Bonjour, Nous considérons que la Corse est loin d’avoir épuisé ses possibilités de de tri et donc de recyclage. Il y a encore d’énormes efforts à faire dans ce domaine. À commencer par la grande distribution. Nous allons prochainement mettre en place un groupe de travail pour aller plus en avant sur ces questions. Ce qui reste sur, c’est que l’enfouissement pose aujourd’hui de graves problèmes et l’incinération n’est pas souhaitée par beaucoup. Ce qui est sûr aussi c’est qu’on ne pourra pas continuer à exporter nos déchets. Les 6 millions d’euro seraient mieux utilisés à d’autres domaines, que le… Lire la suite »

Inseme a manca discutera de tout cela,et de manière ouverte,avec la population.
Mais la perspective incontournable d’une unité propre de valorisation thermique doit être mise sur la table.
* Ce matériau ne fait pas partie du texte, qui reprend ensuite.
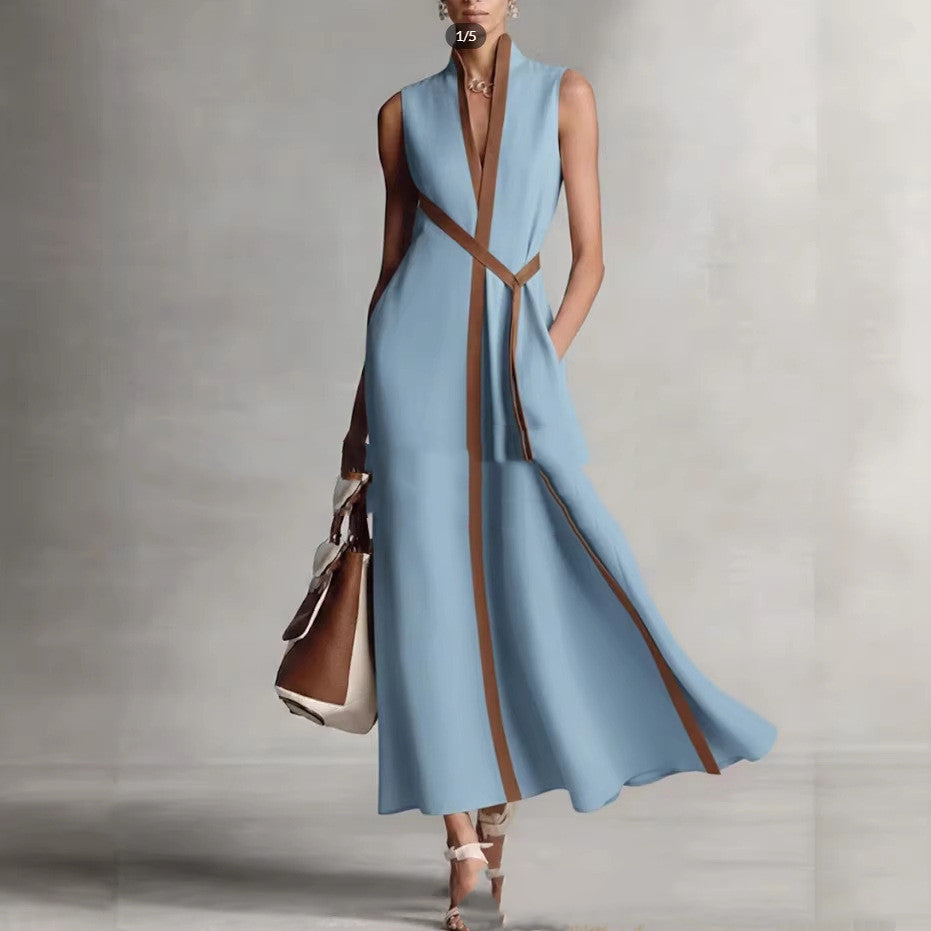 Women's Patchwork Cardigan & Wide Leg Pants Set | Colorblock Linen Blue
Quels sont les arguments contre l’incinération qui outre l’intérêt de débarrasser des déchets, apporte un peu d’électricité.
Reste à regarder la collecte, le transport par la route, le train ou la mer.

L’idée dominante sur notre Ile -soutenue à bout de bras par les “nationalistes ” -est celle de la pollution et du résidu . C’est une fausse idée .les pays nordiques (entre autres ) ne sont pas plus bêtes que nous et ont opté pour l’incinération . Au départ , un incinérateur coûte cher ,c’est un gros investissement..et il faut des employés qualifiés pour le faire fonctionner convenablement (comme à Monaco par exemple ). C’est cependant la solution d’avenir ;quitte à pendre en compte le manque à gagner des ” mangionni ” ,transporteurs insulaires . Nous ne sommes encore pas les… Lire la suite »

Bonjour Claude,
Le problème du transport sur le continent va impacter lourdement les citoyens insulaires; Pour 21 000 tonnes ce n’est pas moins de 6 millions d’euro annoncé. Les sociétés de transports maritimes auparavant publiques ont été privatisés. Il est essentiel pour l’avenir de mettre tous les atouts et investissements dans le tri sélectif, mais pour le reste in faut trouver une solution sur place. Incinération ou enfouissement, deux possibilités s’offriront à terme.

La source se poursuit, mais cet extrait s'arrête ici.